Bloustein School professor Anton (Tony) C. Nelessen has been awarded the 2022 Academic Leadership Excellence Award from the Urban Land Institute Northern New Jersey Chapter. The award was presented on Thursday, May 5 at the ULI NNJ 2022 reception in Woodland Park, NJ.
ULI has set the global standard in recognizing outstanding and transformational land use developments, best practices, and creative visioning. The individual awards recognize exceptional leadership and distinction in the area of submission.
One of the nation’s most respected urban visionaries, Tony has more than 50 years of professional experience as a professor, author, and practitioner in the fields of visioning, planning, and urban design. A professor of urban planning and design at the Bloustein School since 1974, he previously taught at Harvard’s Graduate School of Design.

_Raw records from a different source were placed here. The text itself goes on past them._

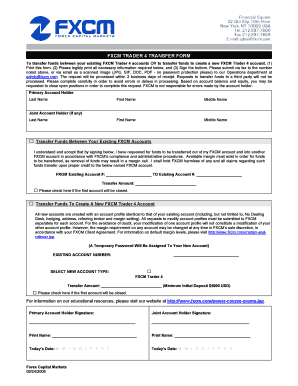 FXCM Trader 4 Transfer Form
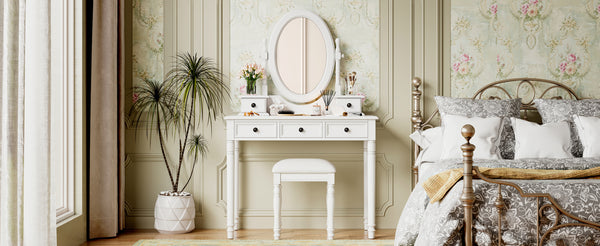 English Elm Vanity Vintage Wooden Makeup Desk with 180° Adjustable Mirror, 5 Velvet‑Lined Drawers & Cushioned Stool White 52.7 L x 22.5 W x 11 H N733P305139K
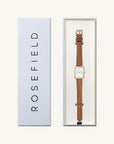 Rosefield horloge OWBLG-O85 Octagon XS White Light Brown Leather Gold - PansiteNederland.nl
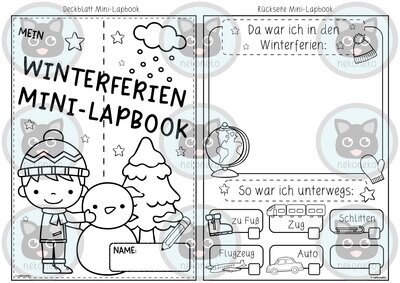 Meine Winterferien | Mini-Lapbook | Bastelvorlage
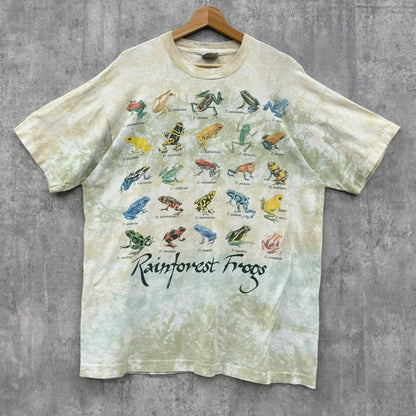 90s USA製 LIQUID BLUE Rainforest Frogs Tシャツ リキッドブルー タイダイ 総柄 アニマル 動物 半袖 カエル 古着 ビンテージ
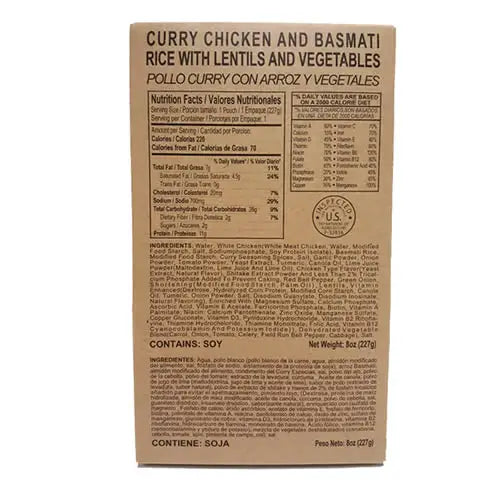 MRE Curry Chicken & Basmati Rice with Lentils & Vegetables Entree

Considered a pioneer in community planning and urban design through public participation using his trademarked Visual Preference Survey and Vision Translation Workshop, Tony has been a consultant to a diverse group of clients both nationally and internationally including developers, architecture and landscape architecture firms, environmental groups, national and local transit agencies, municipalities, and counties. He has also been the visionary, planning and urban design consultant on numerous Smart Growth projects, and transit-oriented and urban revitalization plans in New Jersey including the cities and towns of Newark, Orange, Princeton, Collingswood, River Edge, Morristown, Jersey City, Hoboken, Elizabeth, Metuchen, Middlesex, Lawrence as well as the counties of Middlesex, Burlington, and Bergen, and nationally.
Dean Marchetto FAIA, Founding Principal of Marchetto Higgins Stieve Architects nominated Tony for the award, saying not only was Tony his mentor but also that he “turned his understanding of architecture inside out.”
“As an architect, my feet are firmly grounded in the real developing world. Tony, as an educator, spends a lot of time with students in the theoretical world,” he said. “Tony taught me how to look at the environment completely differently. My outlook on my practice, on buildings, and on everything I do has changed. From looking at the piece—the building—to look at the whole. And looking at the negative space between buildings has become much more important. Buildings are really just walls around the space. It’s the space itself, and the placemaking of all of the things that have developed from there. I can’t say enough about Tony and what he’s done for me and opened my eyes to a bigger world.”
“Since I met Tony at my first Congress in New Urbanism event, he and I have worked together on many projects. And as much as he’s helped me in the professional practice, I can’t imagine how much he has helped young planners in the classroom and given them a vision for the future. He has provided very valuable ideas for our profession, and is well-deserving of the award,” Mr. Marchetto concluded.
“I am sincerely thankful and incredibly honored to have met and worked with Tony. As a former student and now a colleague of Tony, I am inspired by his commitment to practice, education, and family. He made everyone who worked for him feel like we were part of his family. He also helped me realize just how important my voice was in this profession and allowed me to approach planning and urban design through my comfort – drawing,” said Juan Ayala, Bloustein School Associate Professor of Practice. “Through the art of drawing, Tony shows his students how to see the simple things that make urban spaces relate to the surrounding architecture as well as how to use it to discover ideas and hidden information about places and social life.”
“Tony is very passionate about working with Bloustein School students on real-world projects. He leads his studio courses as if they are apprenticeships. Students learned quickly from Tony’s methods of approaching and designing projects. It was through his studio course that he brought awareness about the villages, hamlets, and towns in New Jersey to some of his students and it was shared in his book, Visions for a New American Dream.”
Ayala continued, “Personally, I appreciated his trust in allowing me to explore and discover new methods to draw as computers became more useful in visualizing design. Tony embraced technology and opened up new ways of including a wide variety of people in urban planning through his teaching methods. I witnessed how deeply engaged several community members were in his Visual Preference Survey and Hands-on Model Workshops as he motivated hundreds of people to participate in community decision-making and empowered them through these educational methods. Tony has an incredible ability to teach one person, or many people at the same time, about design and its impact on communities.
Since 1989, Tony has also led an award-winning urban planning firm A Nelessen Associates, Inc. which has become an urban planning and design “think tank,” a national creator in visioning, community planning, and urban design through public participation.
His bestselling book titled Visions for a New American Dream was published by the American Planning Association (1994). More recently, he published. Community Visioning for Place Making (Routledge 2021), a groundbreaking guide to engaging with communities in order to design better public spaces. He is currently working on What People Want, based on his extensive research conducting community visioning sessions across the country.